All on the SAME Google Slides.
Control Alt M
While students are writing their papers in Google Slides you can insert feedback comments. Control Alt M inserts a comment. Control Enter saves your comment. (Mac users it is Command Option M and Command Enter).
Can Students See Each Others’ Papers?
Yes. They are all writing their paper on their own slide, but within the SAME Google Slides. Design the assignment to take ADVANTAGE of students being able to see each other’s papers.
When students are writing their paper in the same document (Google Slides) peer feedback is a snap. Students can simply go to another slide and insert feedback comments. No document sharing required.
Send Papers to Google Docs
Google Doc It Menu
Once students have written, received feedback, and revised their paper they can send their work to a Google text document. Use the “Google Doc It” menu in the template. While on any particular slide choose “Make Google Doc” and the text on that one slide will be sent to a new Google Doc.

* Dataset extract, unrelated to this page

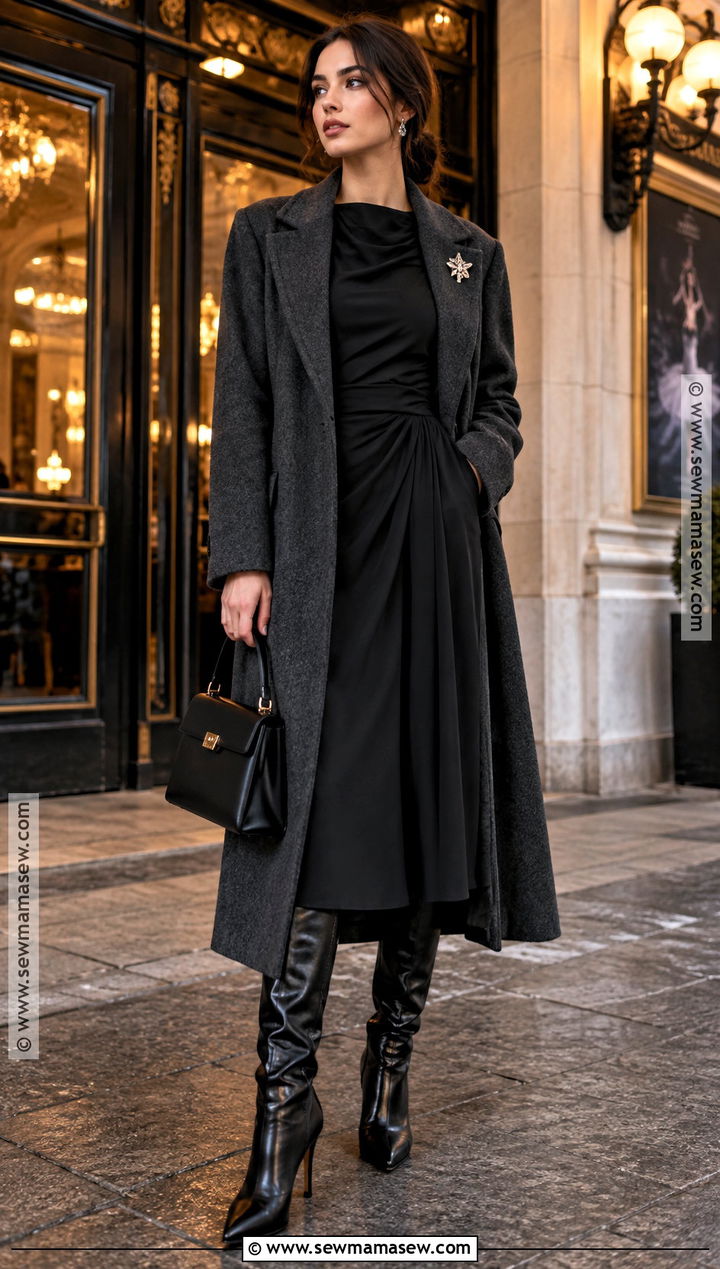 Fall Black Dress Outfit With Tailored Coat - 20 fall aesthetic fashion ideas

Make Docs – A Pile of Google Docs
Choosing “Make Docs” creates an individual Google text document for each slide. All students papers are instantly in their own Google Doc. A link to each of the Google Docs is placed into a spreadsheet.
Authorizing the Script
None of my Add-ons or Chrome extensions collect any data. When asked to authorize the script you may encounter a screen telling you the app isn’t verified. No one at Google has reviewed my code and they are letting you know they have not reviewed it. When authorizing a script you should make sure that you trust the person who coded it. I coded this myself.
Click on Advanced
Find the small print of “Advanced” and this will expand out a further warning that Google has not reviewed my code. Click on the link that says “(unsafe).” It is safe. Again, I coded this myself. You can review the code by using the Tools menu and choosing “Script editor.” When asked to allow permissions for your Google Apps you are NOT giving me any permissions; you are giving yourself permissions to your own Google Drive and apps.